Graph design patterns

In this section we will review some of the design patterns and best practices we are following in this chapter.

Avoid Cartesian Product. Avoid MATCH queries which may return a Cartesian product set. A cartesian product set is a result which may have multiple permutation and combinations, each of these may be appropriate as result of the query, however the memory and performance throughput increases combinatorially and unnecessarily. For example the query, MATCH (a:A), (b:B), (c:C) has a Cartesian product result set equalling count of A nodes x count of B nodes x count of C nodes. So (A, B, C) and (B, C, A) are equivalent results, however only one is required. Instead use a WHERE clause with OR clause for matching among multiple labels where possible. When writing a query using Cartesian product, the Neo4j editor warns as we are using the Editor. Profiling such a query clearly shows a Cartesian product step as well.

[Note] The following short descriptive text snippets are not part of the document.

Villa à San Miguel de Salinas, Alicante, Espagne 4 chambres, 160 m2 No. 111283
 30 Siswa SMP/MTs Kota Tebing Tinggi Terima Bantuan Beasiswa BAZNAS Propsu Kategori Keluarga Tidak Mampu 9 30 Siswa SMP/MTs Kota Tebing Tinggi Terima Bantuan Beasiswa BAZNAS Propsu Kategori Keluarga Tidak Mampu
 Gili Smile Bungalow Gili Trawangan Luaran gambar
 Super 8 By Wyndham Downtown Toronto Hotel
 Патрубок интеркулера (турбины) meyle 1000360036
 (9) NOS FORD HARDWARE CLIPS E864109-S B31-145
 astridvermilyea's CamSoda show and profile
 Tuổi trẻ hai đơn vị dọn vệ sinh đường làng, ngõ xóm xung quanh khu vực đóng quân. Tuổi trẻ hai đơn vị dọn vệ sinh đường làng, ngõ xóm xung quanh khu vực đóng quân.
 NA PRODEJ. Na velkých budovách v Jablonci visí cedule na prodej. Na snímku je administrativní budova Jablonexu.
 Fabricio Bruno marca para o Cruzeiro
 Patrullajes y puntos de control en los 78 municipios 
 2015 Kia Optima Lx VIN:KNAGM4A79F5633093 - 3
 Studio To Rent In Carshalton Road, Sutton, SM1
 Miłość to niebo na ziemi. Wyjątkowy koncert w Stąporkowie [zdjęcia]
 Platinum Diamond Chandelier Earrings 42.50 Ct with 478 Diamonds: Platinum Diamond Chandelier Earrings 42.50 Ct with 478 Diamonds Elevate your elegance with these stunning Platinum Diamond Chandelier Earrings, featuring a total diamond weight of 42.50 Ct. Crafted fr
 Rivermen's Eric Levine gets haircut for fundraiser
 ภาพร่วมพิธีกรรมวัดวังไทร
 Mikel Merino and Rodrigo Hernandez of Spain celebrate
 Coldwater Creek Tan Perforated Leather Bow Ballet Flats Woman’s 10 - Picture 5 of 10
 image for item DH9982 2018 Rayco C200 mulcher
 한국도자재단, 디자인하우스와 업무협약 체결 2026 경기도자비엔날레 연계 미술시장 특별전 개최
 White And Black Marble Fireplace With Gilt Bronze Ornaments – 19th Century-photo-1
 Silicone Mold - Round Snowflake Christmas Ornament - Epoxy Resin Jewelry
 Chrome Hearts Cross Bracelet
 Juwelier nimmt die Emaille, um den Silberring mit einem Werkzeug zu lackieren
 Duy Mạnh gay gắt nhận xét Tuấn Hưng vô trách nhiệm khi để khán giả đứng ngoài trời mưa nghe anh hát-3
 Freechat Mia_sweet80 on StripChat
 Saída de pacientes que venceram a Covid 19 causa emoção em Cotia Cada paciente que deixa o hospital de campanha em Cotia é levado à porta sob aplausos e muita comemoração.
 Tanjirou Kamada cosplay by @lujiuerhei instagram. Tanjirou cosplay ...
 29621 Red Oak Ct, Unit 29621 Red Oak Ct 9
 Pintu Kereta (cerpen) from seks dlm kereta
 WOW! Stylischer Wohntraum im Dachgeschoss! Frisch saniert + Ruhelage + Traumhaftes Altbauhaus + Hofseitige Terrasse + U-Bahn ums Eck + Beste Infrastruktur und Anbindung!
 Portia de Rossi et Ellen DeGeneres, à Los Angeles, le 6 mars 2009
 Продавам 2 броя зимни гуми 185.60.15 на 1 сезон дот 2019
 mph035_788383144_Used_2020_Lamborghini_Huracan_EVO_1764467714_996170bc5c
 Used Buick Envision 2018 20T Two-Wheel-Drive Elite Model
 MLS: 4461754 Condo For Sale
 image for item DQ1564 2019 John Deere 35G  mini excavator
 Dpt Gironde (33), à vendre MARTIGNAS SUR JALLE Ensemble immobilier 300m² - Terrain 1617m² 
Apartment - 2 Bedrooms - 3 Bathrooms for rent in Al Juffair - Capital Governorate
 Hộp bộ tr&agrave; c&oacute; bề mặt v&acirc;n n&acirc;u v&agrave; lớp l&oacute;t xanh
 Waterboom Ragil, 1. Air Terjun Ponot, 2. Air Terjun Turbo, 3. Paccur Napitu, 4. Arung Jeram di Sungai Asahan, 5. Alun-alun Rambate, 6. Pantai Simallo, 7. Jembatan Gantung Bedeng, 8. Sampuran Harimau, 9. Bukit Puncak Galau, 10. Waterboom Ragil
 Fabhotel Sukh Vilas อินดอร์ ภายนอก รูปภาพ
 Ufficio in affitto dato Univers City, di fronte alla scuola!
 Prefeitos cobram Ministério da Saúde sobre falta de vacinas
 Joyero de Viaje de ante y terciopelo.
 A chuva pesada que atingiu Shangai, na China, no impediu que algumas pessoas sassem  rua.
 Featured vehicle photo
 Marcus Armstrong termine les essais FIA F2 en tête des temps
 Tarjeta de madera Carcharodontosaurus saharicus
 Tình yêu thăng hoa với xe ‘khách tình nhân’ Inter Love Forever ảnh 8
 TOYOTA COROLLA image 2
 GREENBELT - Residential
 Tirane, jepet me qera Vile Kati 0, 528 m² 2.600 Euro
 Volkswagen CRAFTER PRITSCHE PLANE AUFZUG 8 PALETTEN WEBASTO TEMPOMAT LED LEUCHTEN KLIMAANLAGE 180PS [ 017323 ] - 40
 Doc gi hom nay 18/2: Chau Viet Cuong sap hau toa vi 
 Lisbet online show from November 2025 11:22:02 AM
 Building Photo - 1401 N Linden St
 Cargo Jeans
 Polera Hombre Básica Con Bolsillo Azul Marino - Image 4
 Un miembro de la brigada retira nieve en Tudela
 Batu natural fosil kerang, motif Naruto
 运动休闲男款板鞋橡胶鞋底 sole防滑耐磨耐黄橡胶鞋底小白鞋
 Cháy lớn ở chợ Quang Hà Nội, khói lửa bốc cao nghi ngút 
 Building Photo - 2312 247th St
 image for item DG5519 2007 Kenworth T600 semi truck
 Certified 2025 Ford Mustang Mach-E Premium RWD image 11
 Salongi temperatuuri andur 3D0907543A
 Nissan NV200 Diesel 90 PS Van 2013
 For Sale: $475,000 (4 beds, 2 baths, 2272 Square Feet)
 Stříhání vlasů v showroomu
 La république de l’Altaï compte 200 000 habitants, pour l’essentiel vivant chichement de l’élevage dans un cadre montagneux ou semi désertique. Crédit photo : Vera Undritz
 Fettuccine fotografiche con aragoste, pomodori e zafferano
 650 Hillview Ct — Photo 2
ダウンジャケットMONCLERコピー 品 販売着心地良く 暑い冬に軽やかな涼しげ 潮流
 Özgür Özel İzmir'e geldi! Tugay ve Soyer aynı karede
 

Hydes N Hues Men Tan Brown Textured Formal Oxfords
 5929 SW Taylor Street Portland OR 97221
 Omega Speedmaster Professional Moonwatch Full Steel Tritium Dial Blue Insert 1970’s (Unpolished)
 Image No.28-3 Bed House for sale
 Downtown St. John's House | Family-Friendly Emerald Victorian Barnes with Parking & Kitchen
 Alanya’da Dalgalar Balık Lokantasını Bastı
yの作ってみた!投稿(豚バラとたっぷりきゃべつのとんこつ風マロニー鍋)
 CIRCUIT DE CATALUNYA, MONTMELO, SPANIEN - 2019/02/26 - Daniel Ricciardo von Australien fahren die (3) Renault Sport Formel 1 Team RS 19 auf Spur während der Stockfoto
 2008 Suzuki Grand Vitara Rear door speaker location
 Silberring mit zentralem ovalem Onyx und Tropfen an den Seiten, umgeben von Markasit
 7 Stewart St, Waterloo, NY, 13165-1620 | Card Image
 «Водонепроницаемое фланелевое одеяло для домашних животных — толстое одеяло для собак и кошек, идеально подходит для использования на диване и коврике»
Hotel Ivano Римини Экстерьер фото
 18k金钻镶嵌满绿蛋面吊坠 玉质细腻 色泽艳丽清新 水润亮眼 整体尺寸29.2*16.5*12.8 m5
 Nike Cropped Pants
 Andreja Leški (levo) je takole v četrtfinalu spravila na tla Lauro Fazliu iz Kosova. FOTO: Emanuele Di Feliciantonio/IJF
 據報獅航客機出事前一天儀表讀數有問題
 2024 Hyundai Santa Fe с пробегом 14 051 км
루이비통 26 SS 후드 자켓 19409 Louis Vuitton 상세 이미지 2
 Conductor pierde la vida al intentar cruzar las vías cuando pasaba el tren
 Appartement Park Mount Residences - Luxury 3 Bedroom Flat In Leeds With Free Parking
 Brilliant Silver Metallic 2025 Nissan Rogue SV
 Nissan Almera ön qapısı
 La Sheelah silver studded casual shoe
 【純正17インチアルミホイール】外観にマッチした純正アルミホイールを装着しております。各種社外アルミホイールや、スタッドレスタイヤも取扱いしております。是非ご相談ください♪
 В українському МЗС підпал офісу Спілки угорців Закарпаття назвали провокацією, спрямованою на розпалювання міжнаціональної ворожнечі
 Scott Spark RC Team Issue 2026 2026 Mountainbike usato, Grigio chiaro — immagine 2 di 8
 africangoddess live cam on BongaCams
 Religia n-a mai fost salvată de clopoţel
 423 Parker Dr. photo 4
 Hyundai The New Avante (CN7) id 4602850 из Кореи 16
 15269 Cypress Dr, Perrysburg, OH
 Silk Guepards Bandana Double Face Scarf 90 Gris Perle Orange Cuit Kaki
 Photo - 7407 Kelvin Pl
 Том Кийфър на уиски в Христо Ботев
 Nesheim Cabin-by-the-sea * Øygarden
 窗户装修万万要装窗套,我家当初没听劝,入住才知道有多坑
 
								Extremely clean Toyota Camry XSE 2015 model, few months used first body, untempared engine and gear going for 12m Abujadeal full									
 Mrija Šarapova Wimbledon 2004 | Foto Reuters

Categorical features as Labels. Categorical features take finite set of values. Using the values as Labels for nodes containing these features makes graph queries more intuitive and better performing.

Entities as Nodes. If the properties can be treated as an entity within your problem domain, then make them a node/label and create appropriate relationships. This is specially true for lookup properties like State codes, or Country names, which may have values shared across referencing nodes.

Avoid WITH clause. Cypher queries can be piped endlessly forming a long set of such queries using the WITH clause. This reduces readability. Introduces potential issues with variable scoping.

Index Selectively. Index properties selectively based on how these properties are used within queries. The trade-off is database read performance verses write operations required for keeping indexes up-to-date.

Avoid BLOBs. Avoid storing BLOB data as properties within graph database as this takes long time to read. Instead use specialized BLOB stores and reference URLs within graph database nodes.

Explicit Labels and Relationships. Where possible specify labels and relationship types explicitly in the query to limit the target graph that the query runs on.

Always Keep Optimizing. Use PROFILE with most of your complex queries. Remember, good short query returning a solution indicates a good graph data model design.

We have come a long way so far. You just designed a data catalog which you can use for your data science projects. We started with a simple list of links on the Awesome Public Datasets page. We now have a semantic graph database with 10 labels, five relationship types, nine property keys, and more than 400 nodes. All within 1MB of database footprint. All database operations are query driven using the powerful and flexible Cypher Graph Query Language. And we are just getting started my friend!